Question

14. What role does the transcriptome (and specifically microRNAs) play in the cell?

15. Describe the process of microRNA function.

20. How does ubiquitination play a role in mitosis?

21. How does Aurora B regulate chromosome alignment? Which stage of mitosis is it active?

23. What are the differences between condensin and cohesin? At what stages of the cell cycle is each added to the DNA and then removed?

Answer 1

14) Two types of miRNA inhibit the E2F1 protein, which regulates cell proliferation. miRNA appears to bind to messenger RNA before it can be translated to proteins that switch genes on and off.

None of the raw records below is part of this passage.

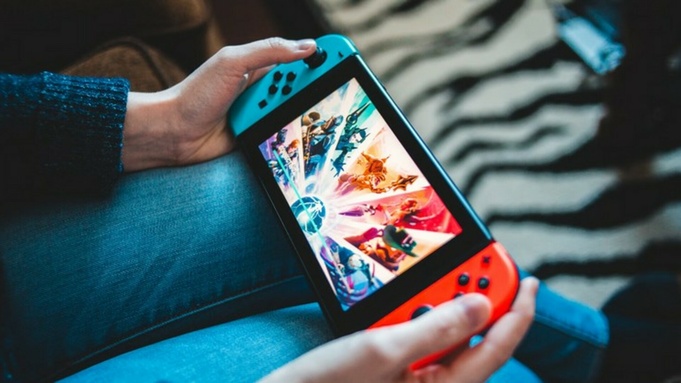 Мобильная игровая консоль / Фото: unsplash.com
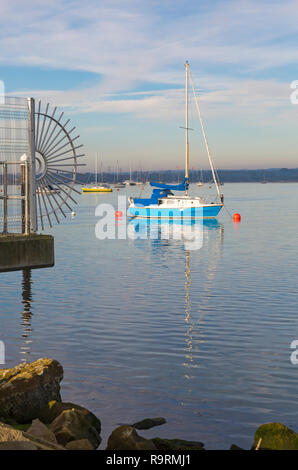 Poole, Dorset, Regno Unito. Il 27 dicembre 2018. Regno Unito: meteo bel sole a Poole con barche a riflesso di ancoraggio in corrispondenza di fori Bay, il porto di Poole. Credito: Carolyn Jenkins/Alamy Live News Foto Stock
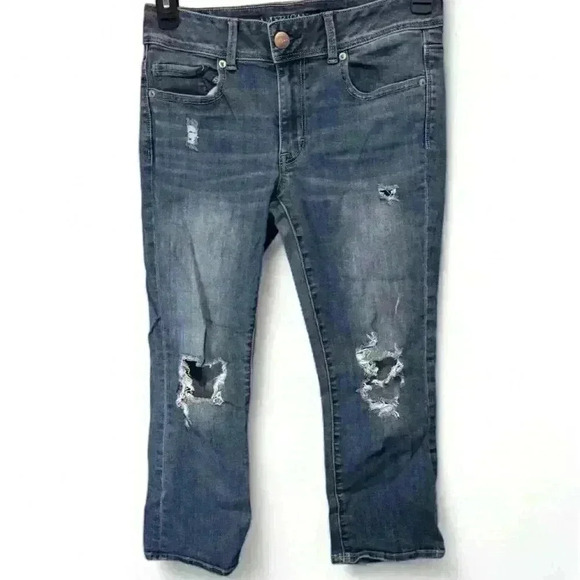 American Eagle Women's Distressed Kick Crop Jeans Blue Size 8 Slim Fit - Picture 1 of 4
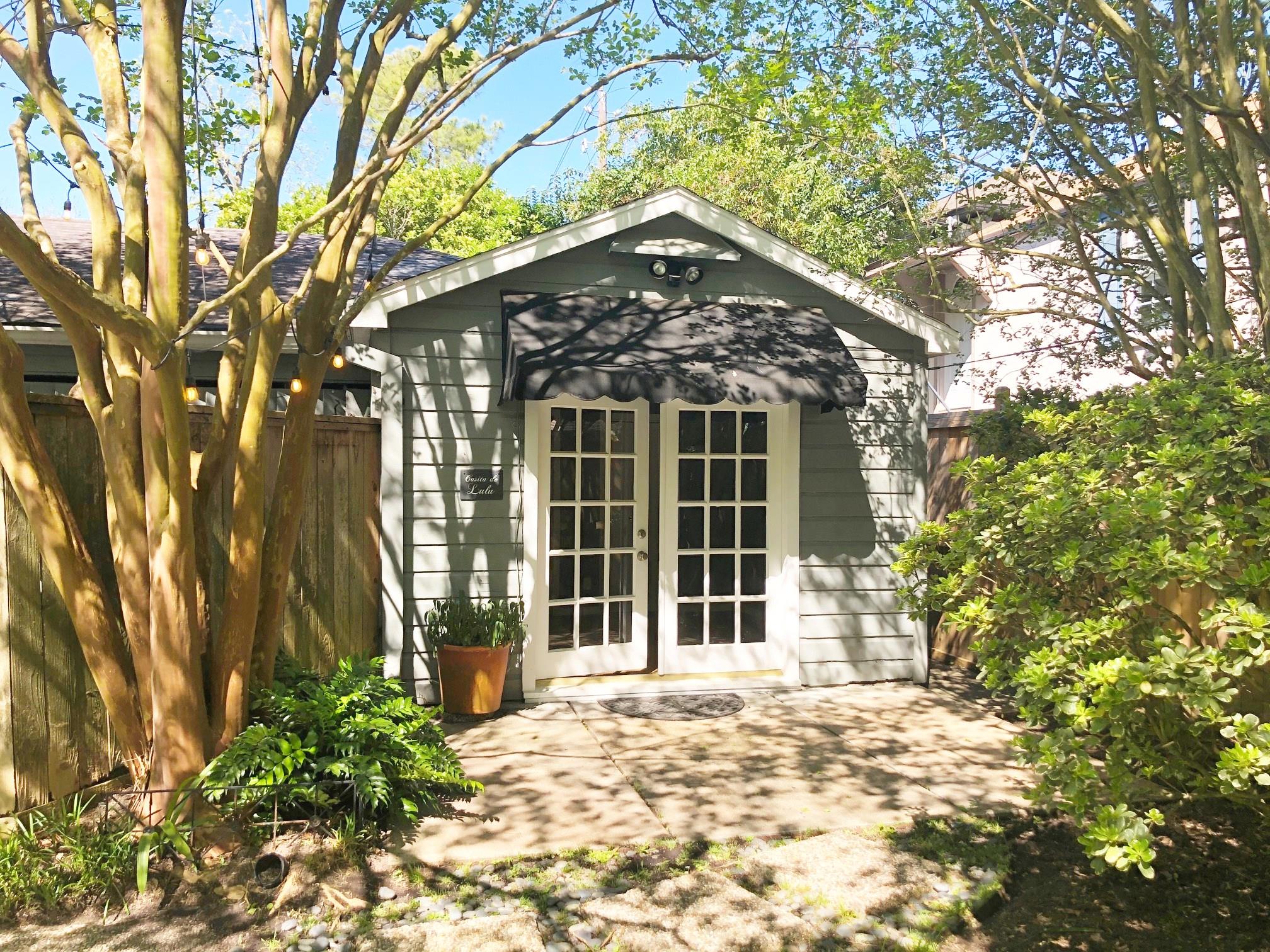 Guest House ~ Casita.   Entry into the Living Area.  Double French doors open on to patio with view of the pool area. - If you have additional questions regarding 1802 North Boulevard  in Houston or would like to tour the property with us call 800-660-1022 and reference MLS# 16203839.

15) The function of miRNAs appears to be in gene regulation. For that purpose, a miRNA is complementary to a part of one or more messenger RNAs(mRNAs). Animal miRNAs are usually complementary to a site in the 3' UTR whereas plant miRNAs are usually complementary to coding regions of mRNAs. Perfect or near perfect base pairing with the target RNA promotes cleavage of the RNA.This is the primary mode of plant miRNAs. In animals the match-ups are imperfect.

20) ​Fig: Regulation of mitosis by ubiquitin system. Faithful regulation of mammalian mitotic division (prophase, prometaphase, metaphase, anaphase, and telophase) requires precise coordination of structural transitions. This machinery involves many critical factors and enzymes that need to be precisely regulated in time and space. Thus, both their timely expression and correct localization to the subcellular compartments must be achieved during different morphological transitions. Blue indicates nucleus and chromosomes; green (representing the CPC component, Aurora B) marks the centromere structures during prometa- and metaphases and midzone and midbody regions during anaphase and telophase, respectively; and red marks microtubules and spindle structures. The critical and major ubiquitin E3-ligases (blue) responsible for coding ubiquitin on mitotic factors are depicted. APC/C E3-ligase is a subject of fidelity control by the spindle assembly checkpoint (SAC) network. The ubiquitin decoders, DUBs (green) and UBPs (red), contribute to fidelity and directionality of mitotic division at specific stages and transitions.

21) Chromosomal alignment during mitosis as well as meiosis is regulated by kinases and phosphatases. The Aurora kinases associate with microtubules during chromosome movement and segregation. Aurora kinase B localizes to microtubules near kinetochores, specifically to the specialized microtubules called K-fibers, and Aurora kinase A localizes to centrosomes.

Aurora B localizes to the chromosomes in prophase, the centromere in prometaphase and metaphase, and the central mitotic spindle in anaphase.

23) Condensin

Condensin I: present in cytoplasm during interphase, has access to chromosomes after prophase. Contributes to condensed chromosome assembly during prometaphase and metaphase.

Condensin II: present in nucleus during interphase, involved in chromosome condensation. Contributes to condensed chromosome assembly during prometaphase and metaphase.

Cohesin:It keeps sister chromatids connected with each other during metaphase and ensures that each sister chromatid segregates to opposite poles. "It facilitates spindle attachment onto chromosomes. It facilitates DNA repair by recombination."

Cohesions are added during late G1/S-phase of mitosis and are removed during the late metaphase/anaphase during chromosome segregation.

Condensins are used in the separation of sister chromatids, which occurs during late metaphaseII/anaphase II.
The reason that I put late G1/S-phase is because research shows that they are added after DNA is duplicated which occurs during the S-phasse of mitosis; whether they are added during G1 or S-phase is still up for debate. Also, they are removed when chromosomes separate and/or sister chromatids, and are required for separation. I also say late metaphase/anaphase I and II because separation or segregation can occur as early as late metaphase and as late as anaphase. I think it is important to just remember that they cohesions are added during interphase and are removed during mitosis/meiosis. Also, that condensins are added during mitosis/meiosis. Histones are removed for DNA replication and are added when chromatin recondense into chromosomes.